Adoption of New Accounting Standards ASU 2016-01, Financial Statements - Overall (Subtopic 825-10): Recognition and Measurement of Financial Assets and Financial Liabilities was issued in January 2016 to address certain aspects of recognition, measurement, presentation, and disclosure of financial instruments. This standard impacts how the Company measures certain equity investments and discloses and presents certain financial instruments through the application of the “exit price” notion. The Company adopted the amendments beginning January 1, 2018. Under the new guidance, equity investments can no longer be classified as trading or available for sale (AFS), and related unrealized holding gains and losses can no longer be recognized in OCI. Per the ASU, such equity investments should be measured at fair value, with adjustments recognized in earnings at the end of each reporting period. As such, the Company reclassified its portfolio of equity investments previously classified as AFS investment securities to “other investments.” As these equity investments were previously measured at fair value, implementation of the ASU did not impact the Company’s valuation method. In accordance with the ASU, the cumulative-effect adjustment from AOCI to retained earnings for previously recorded fair value adjustments related to these equity investments at adoption was immaterial. The Company elected the practical expedient measurement alternative to prospectively account for other equity investments that do not have readily determinable fair values at cost less impairment plus or minus observable price changes in orderly transactions for an identical or similar investment of the same issuer. The investments are immaterial overall and are classified within “other investments” on the Company’s consolidated balance sheets rather than as available-for-sale securities.
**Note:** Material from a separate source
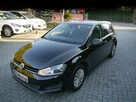 Volkswagen Golf 1.6tdi Stan b.dobry 100%bezwypadkowy z Niemiec Gwarancja 12mcy - 4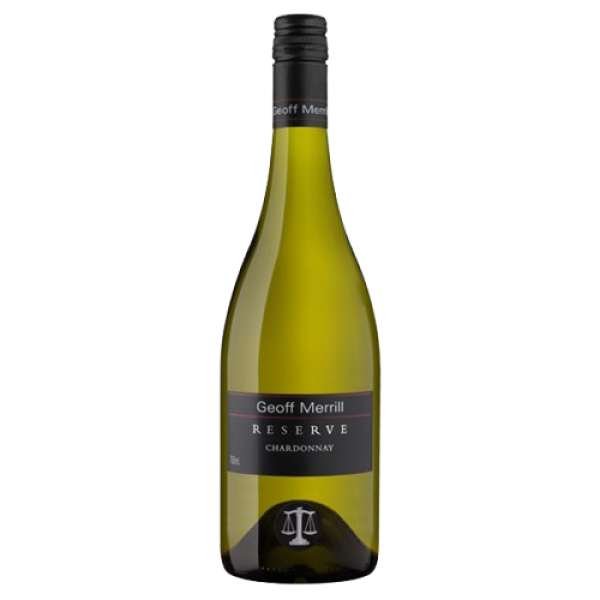 Geoff Merrill Reserve Chardonnay 2019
In May 2014, the FASB issued ASU 2014-09 - Revenue from Contracts with Customers, which created a new principle-based framework to determine when and how an entity recognizes revenue from its customer contracts. FASB has established a core principle for recognizing revenue within the new rules, which states that revenue should only be recorded when services are provided or goods are transferred to customers at the agreed price. The majority of our revenue-generating transactions are not subject to ASC Topic 606, including revenue generated from financial instruments, such as our loans, letters of credit and investment securities, as these activities are subject to other GAAP discussed elsewhere within our disclosures. Description of our revenue-generating activities that are within the scope of ASC Topic 606, which are presented in our income statements as components of non-interest income are as follows:

Service charges on deposits - We collect service charges on most of our non-maturity deposits accounts on a monthly basis. Our fee earned is collected monthly when a particular cycle for a non-maturity deposit account closes. Each cycle is monthly and the fee earned is for our service for the month just closed. Our performance obligations are to process transactions, pay interest (on interest-bearing accounts), collect deposits, and allow access to on-line banking applications and other services ancillary to a banking relationship. Each month when our fee is charged, our obligation is complete. The contract-relationship is a month to month obligation - i.e. our obligation to perform these services would end if the customer closes their deposit account with MidSouth.
ATM and debit card income - ATM fees primarily consist of surcharges assessed to our customers for using a non-Bank ATM or a non-Bank customer using our ATM. Debit card income represents revenues earned from interchange fees, which are earned on debit card transactions conducted with payment networks. Such fees are generally recognized concurrently with the delivery of services on a daily basis.